**WHAT THIS TASK INVOLVES**
Write out exactly, please, every line from the beginning of the entries to the line holding "7225 Clayton Road, St Louis, MO 63117", and no pictures.

______________________________

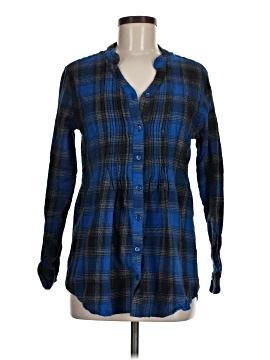 Collections Etc. Long Sleeve Button Down Shirt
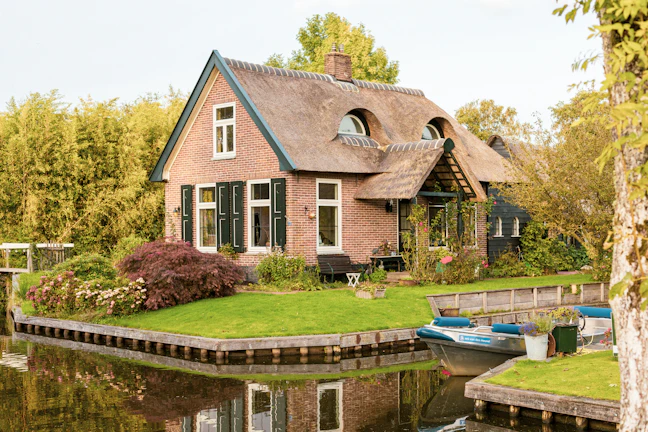 Luxury 3-Day Giethoorn Itinerary | Exclusive Travel Guide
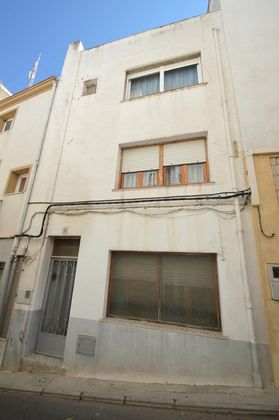 Foto 1 de Casa en venta en Cervera del Maestre de 5 habitaciones con terraza y calefacción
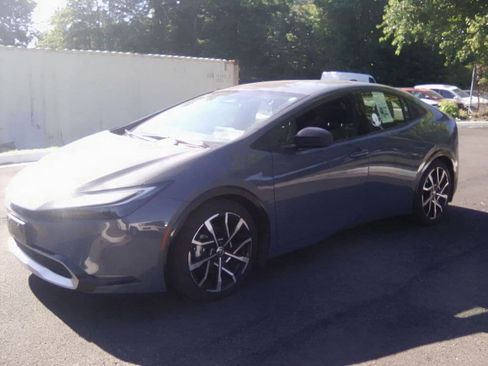 Used 2023 Toyota Prius Prime FWD image 18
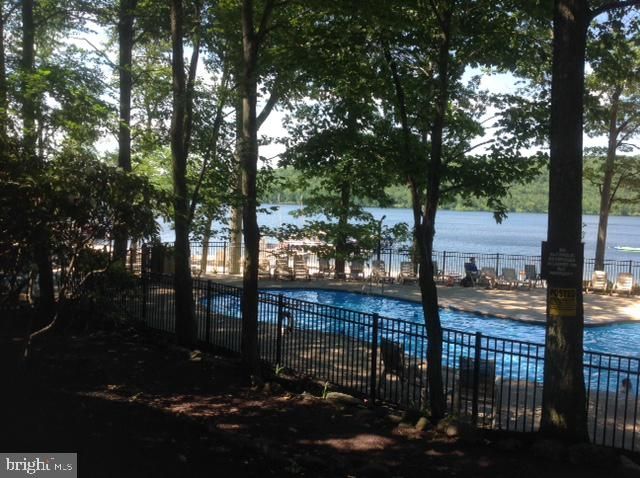 59 MIDWAY, Lake Harmony, PA 18624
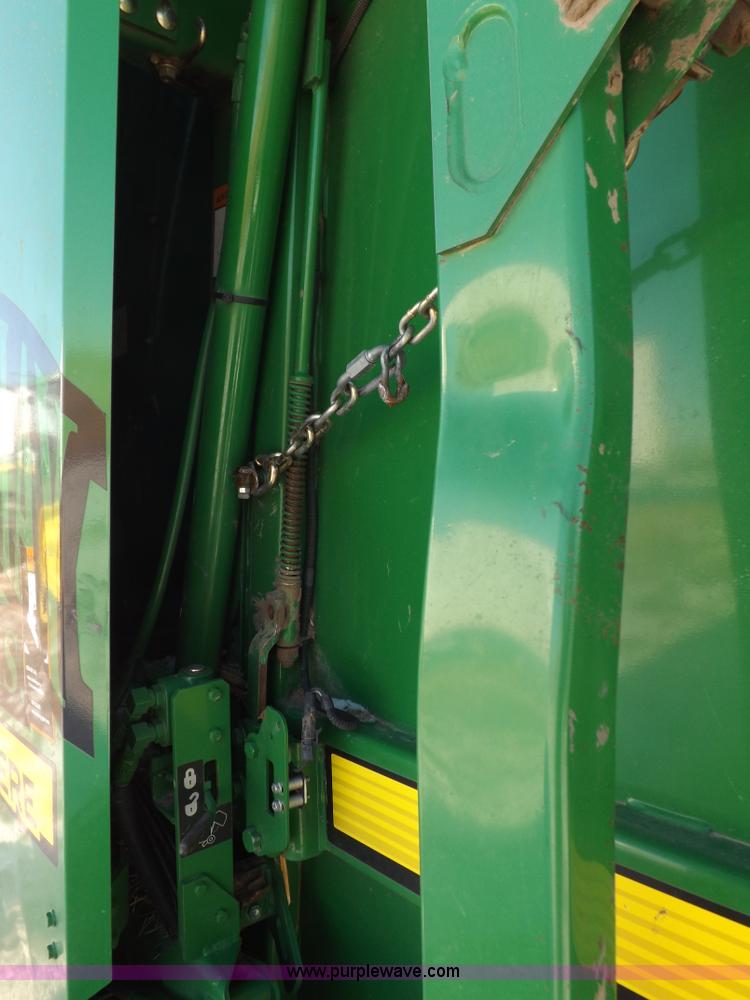 image for item I9237 2010 John Deere 568 round baler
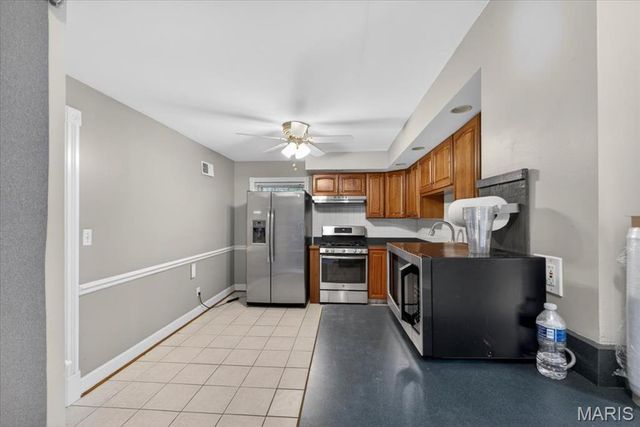 7225 Clayton Road, St Louis, MO 63117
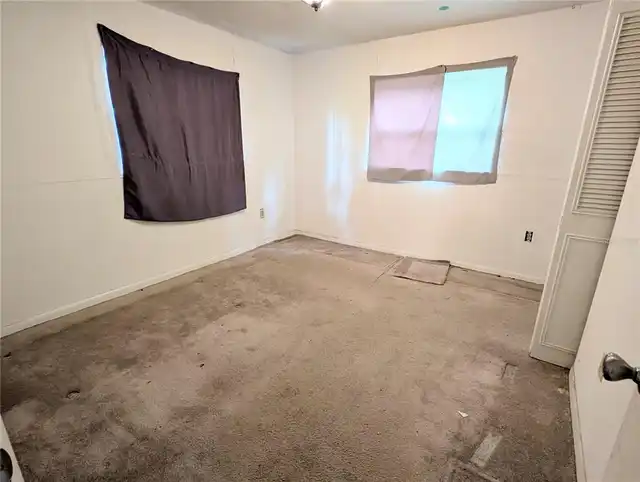 Listing Photo 14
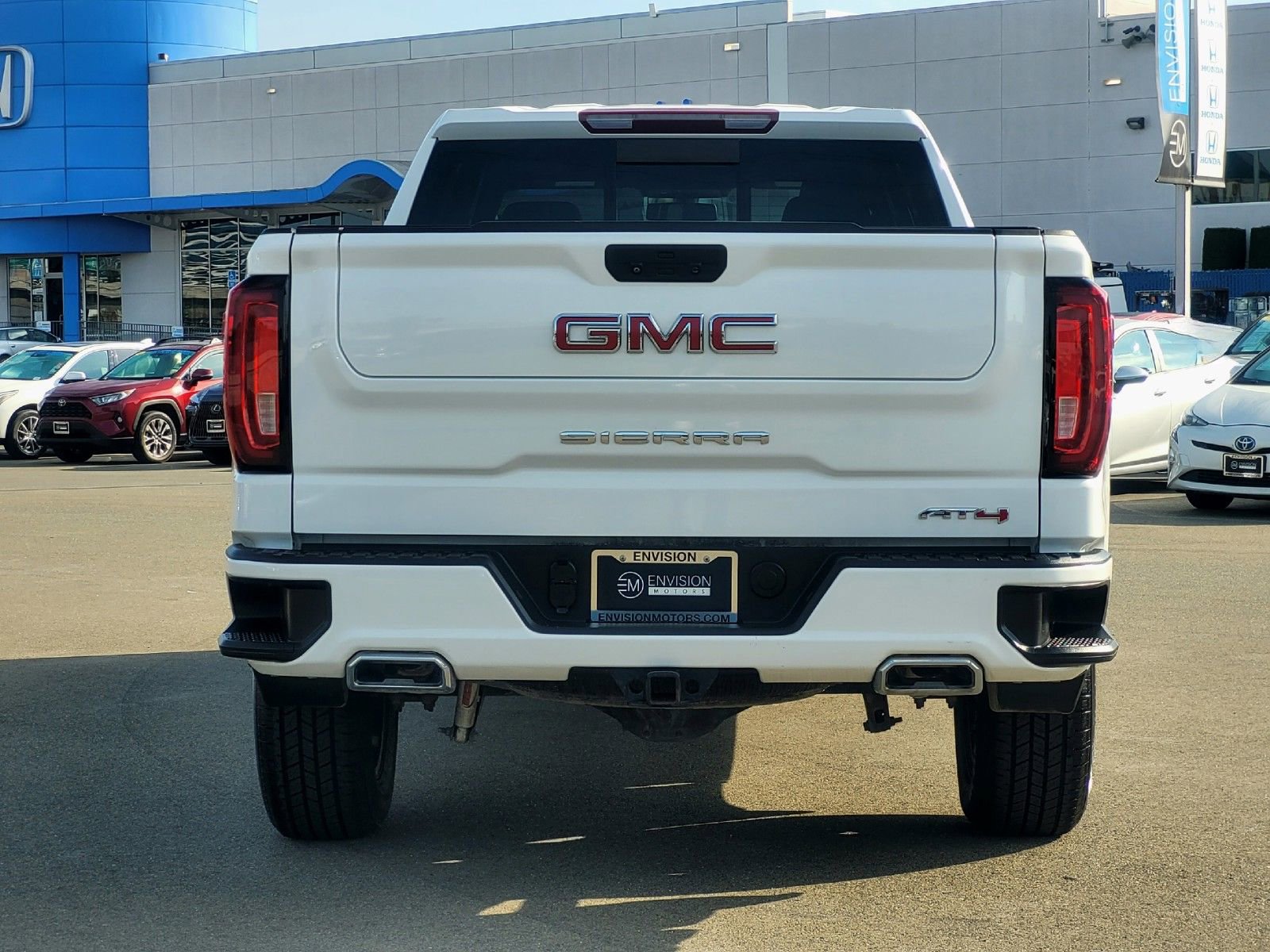 Used 2021 GMC Sierra 1500 AT4 w/ AT4 Preferred Package image 6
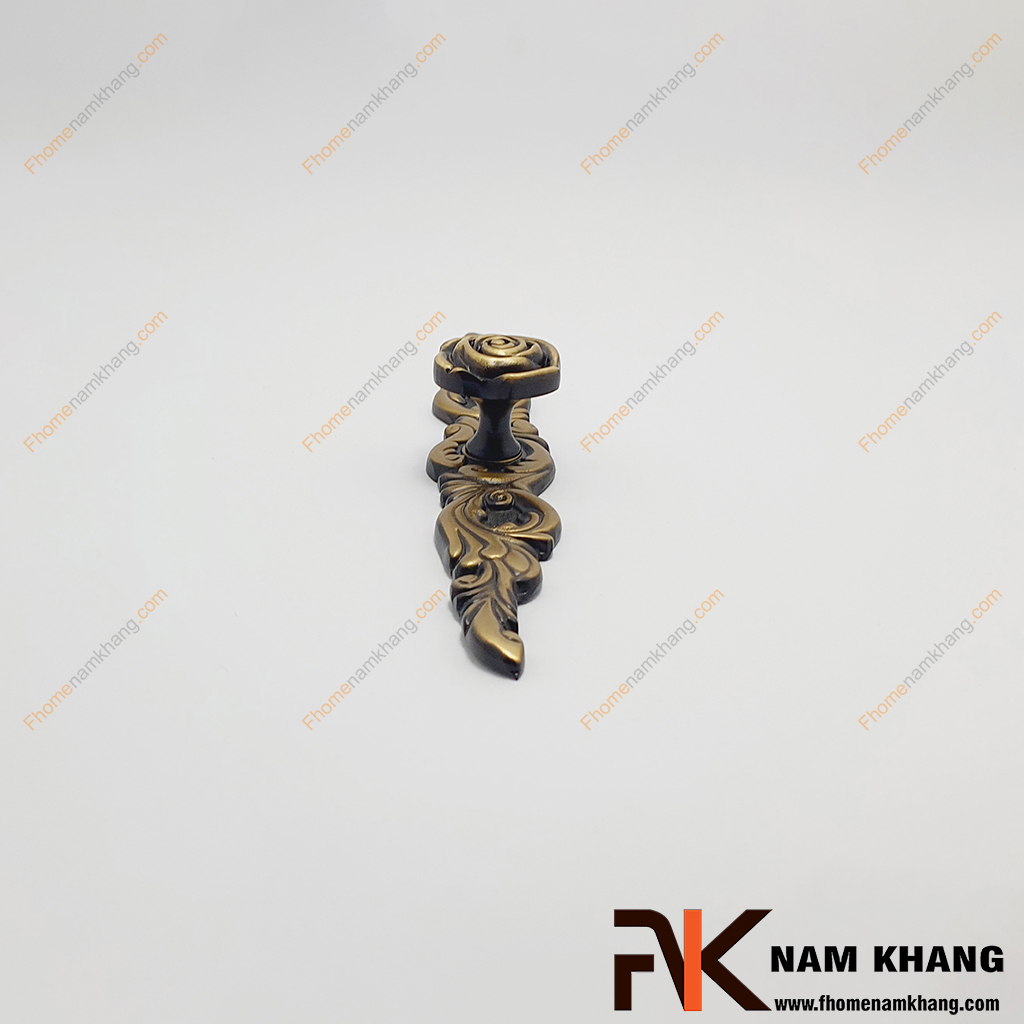 Núm cửa tủ phối thanh đồng cổ điển NK071D-BCF có thiết kế kết hợp núm nắm tủ đầu tròn và thanh cố định bằng đồng hoa văn chất lượng cao.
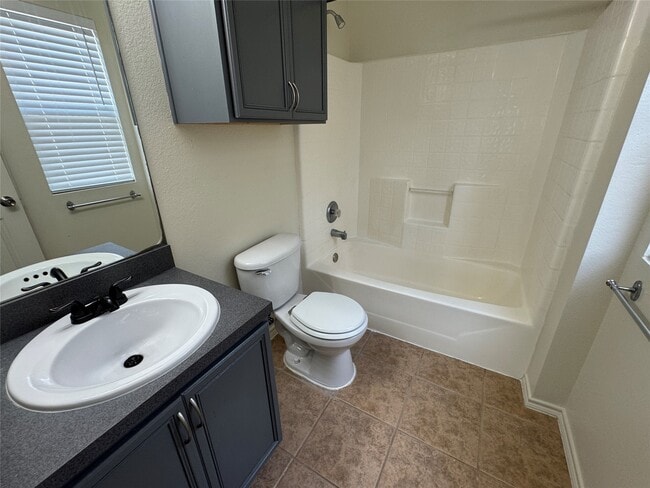 Building Photo - 9714 Coyote Creek Dr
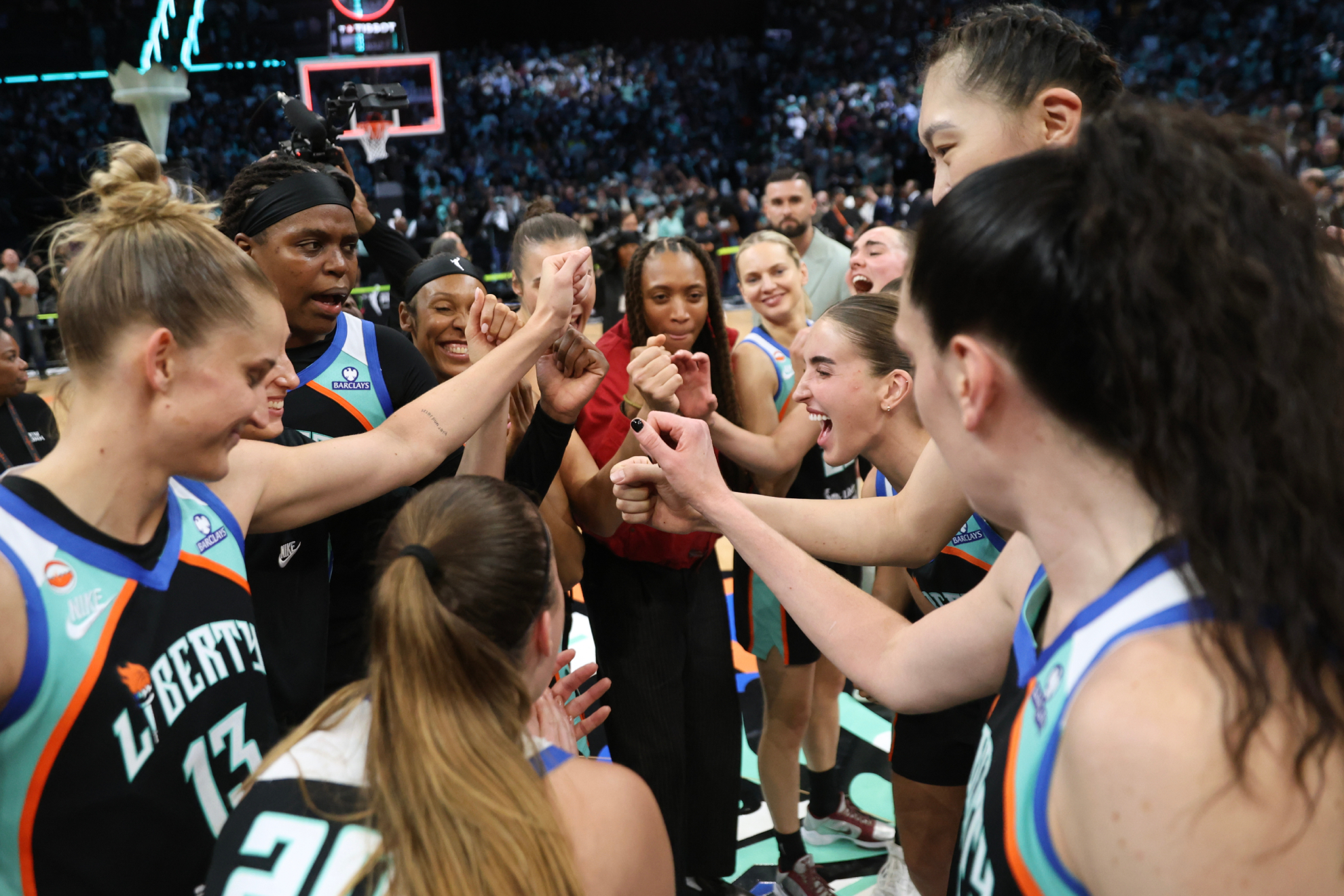 Las jugadoras de las Liberty celebran el pase. EFE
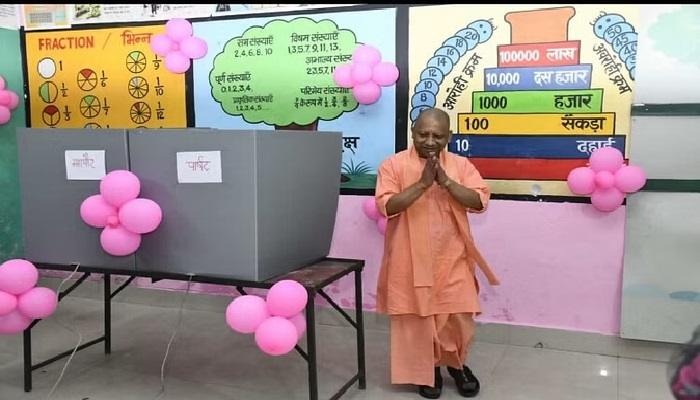 ट्रिपल इंजन की सरकार बनाने के लिए अवश्य सहभागी बनें: सीएम योगी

______________________________

**OUTPUT**
 Collections Etc. Long Sleeve Button Down Shirt
 Luxury 3-Day Giethoorn Itinerary | Exclusive Travel Guide
 Foto 1 de Casa en venta en Cervera del Maestre de 5 habitaciones con terraza y calefacción
 Used 2023 Toyota Prius Prime FWD image 18
 59 MIDWAY, Lake Harmony, PA 18624
 image for item I9237 2010 John Deere 568 round baler
 7225 Clayton Road, St Louis, MO 63117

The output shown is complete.